“I wish the system didn’t force me to be mean.” Jyl, the mom of a child with special needs, is in anguish. Not only is she managing her challenged – and challenging – child, she’s found herself in a painful struggle with the local school system. “I tried to be nice. I tried to work with them. But it seems that it is only when I get demanding that my son gets what he needs,” she says. “I know times are tough. I know services are expensive. But if I don’t go to the mat for my child, who will? Now I’m getting a reputation for being “difficult” when I’m only trying to get him some help.”
There’s no getting around it: Special supports for kids with special needs are expensive. When schools are facing budget cuts, providing specialized services for one child may mean larger class sizes or the loss of a sports or music program for everyone. It makes sense that school administrators are sometimes reluctant to acknowledge just how challenging a particular child may be.

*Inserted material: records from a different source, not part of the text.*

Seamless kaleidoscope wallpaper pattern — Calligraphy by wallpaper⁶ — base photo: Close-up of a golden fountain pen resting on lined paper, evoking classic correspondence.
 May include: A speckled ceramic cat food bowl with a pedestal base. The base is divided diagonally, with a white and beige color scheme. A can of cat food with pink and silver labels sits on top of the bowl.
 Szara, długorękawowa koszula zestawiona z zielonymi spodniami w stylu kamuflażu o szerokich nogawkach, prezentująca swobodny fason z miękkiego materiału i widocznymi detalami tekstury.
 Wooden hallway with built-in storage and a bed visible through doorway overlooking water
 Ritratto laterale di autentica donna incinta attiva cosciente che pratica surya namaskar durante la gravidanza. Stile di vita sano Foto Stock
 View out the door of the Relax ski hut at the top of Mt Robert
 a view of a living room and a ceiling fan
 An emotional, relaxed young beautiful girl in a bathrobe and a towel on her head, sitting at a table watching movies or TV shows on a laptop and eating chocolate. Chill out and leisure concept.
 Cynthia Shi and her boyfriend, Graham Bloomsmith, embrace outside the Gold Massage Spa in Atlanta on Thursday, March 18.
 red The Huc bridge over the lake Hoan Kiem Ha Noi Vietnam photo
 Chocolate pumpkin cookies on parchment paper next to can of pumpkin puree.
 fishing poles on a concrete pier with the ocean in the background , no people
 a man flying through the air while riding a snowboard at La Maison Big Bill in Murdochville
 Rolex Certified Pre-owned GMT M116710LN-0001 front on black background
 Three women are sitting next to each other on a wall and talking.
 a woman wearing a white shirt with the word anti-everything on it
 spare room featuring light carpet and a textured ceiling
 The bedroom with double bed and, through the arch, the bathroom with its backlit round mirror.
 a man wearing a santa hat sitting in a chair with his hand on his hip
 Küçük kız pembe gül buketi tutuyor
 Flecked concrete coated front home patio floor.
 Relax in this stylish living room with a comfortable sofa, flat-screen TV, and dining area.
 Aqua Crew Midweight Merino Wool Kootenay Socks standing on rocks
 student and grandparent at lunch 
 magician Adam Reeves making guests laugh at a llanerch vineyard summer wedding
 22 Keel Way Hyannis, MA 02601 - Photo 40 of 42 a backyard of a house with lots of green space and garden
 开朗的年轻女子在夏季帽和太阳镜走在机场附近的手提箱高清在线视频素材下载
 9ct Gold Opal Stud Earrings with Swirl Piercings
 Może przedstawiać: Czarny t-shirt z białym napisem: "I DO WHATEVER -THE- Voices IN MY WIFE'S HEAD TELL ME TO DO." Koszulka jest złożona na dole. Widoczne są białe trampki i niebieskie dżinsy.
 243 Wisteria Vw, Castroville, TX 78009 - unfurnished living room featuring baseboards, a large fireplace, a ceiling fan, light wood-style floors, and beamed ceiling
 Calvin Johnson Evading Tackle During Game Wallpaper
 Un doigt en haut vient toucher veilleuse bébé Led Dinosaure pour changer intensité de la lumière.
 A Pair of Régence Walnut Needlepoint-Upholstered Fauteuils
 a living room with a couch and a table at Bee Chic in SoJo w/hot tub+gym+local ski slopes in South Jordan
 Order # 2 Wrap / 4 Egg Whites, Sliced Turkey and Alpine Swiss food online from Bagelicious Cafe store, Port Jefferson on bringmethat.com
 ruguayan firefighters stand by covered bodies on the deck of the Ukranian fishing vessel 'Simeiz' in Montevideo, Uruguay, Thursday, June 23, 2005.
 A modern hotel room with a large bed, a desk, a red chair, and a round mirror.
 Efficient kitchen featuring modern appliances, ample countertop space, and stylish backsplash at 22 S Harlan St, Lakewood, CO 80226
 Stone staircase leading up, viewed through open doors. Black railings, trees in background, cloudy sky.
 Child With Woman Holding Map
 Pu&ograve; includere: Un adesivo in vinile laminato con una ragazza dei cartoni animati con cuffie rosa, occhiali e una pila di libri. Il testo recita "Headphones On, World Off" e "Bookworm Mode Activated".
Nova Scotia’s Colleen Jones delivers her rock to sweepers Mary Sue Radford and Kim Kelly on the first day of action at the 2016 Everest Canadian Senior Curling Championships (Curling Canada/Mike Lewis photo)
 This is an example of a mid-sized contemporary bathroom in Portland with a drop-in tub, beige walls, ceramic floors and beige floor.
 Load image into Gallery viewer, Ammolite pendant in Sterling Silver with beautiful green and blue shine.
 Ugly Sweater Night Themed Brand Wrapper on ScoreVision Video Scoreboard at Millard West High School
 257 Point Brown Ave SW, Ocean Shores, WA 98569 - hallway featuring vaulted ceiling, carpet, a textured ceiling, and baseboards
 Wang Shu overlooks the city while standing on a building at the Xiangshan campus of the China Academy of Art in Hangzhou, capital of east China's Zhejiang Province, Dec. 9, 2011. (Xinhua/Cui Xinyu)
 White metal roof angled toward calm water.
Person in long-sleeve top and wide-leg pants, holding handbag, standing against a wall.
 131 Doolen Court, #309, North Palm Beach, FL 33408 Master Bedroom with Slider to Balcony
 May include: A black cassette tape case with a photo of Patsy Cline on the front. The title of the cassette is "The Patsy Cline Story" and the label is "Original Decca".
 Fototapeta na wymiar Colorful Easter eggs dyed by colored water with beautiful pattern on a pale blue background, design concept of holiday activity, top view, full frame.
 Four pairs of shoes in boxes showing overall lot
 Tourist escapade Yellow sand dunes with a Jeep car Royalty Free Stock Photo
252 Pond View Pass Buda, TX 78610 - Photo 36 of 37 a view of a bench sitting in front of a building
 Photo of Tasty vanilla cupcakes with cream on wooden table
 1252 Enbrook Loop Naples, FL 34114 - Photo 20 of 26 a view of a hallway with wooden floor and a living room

On the other hand, some parents’ idea of “reasonable accommodation” is an unreasonable amount of resourcing for their child at the expense of the larger community of the school. Even entirely reasonable parents find themselves having to push hard for services. When the price of everything is going up, a family’s very reasonable requests are sometimes beyond what a school can reasonably do. The end result is that the parents and school personnel who should be working on the same team to meet the needs of a child find themselves in a tense and sometimes even adversarial situation.
My client Jyl finds herself in such a place. She sees the school as unresponsive so she’s become more demanding. She’s getting results but she is being labeled as “difficult,” a term that makes her feel hurt, defensive, and angry. Defensive, angry people aren’t the easiest people to talk to, so the school special education director isn’t eager to call her back when she requests another service for her son – which only makes Jyl more sure that the school isn’t really interested in helping her child. Back and forth it goes, with each side feeling more misunderstood and less willing to work together.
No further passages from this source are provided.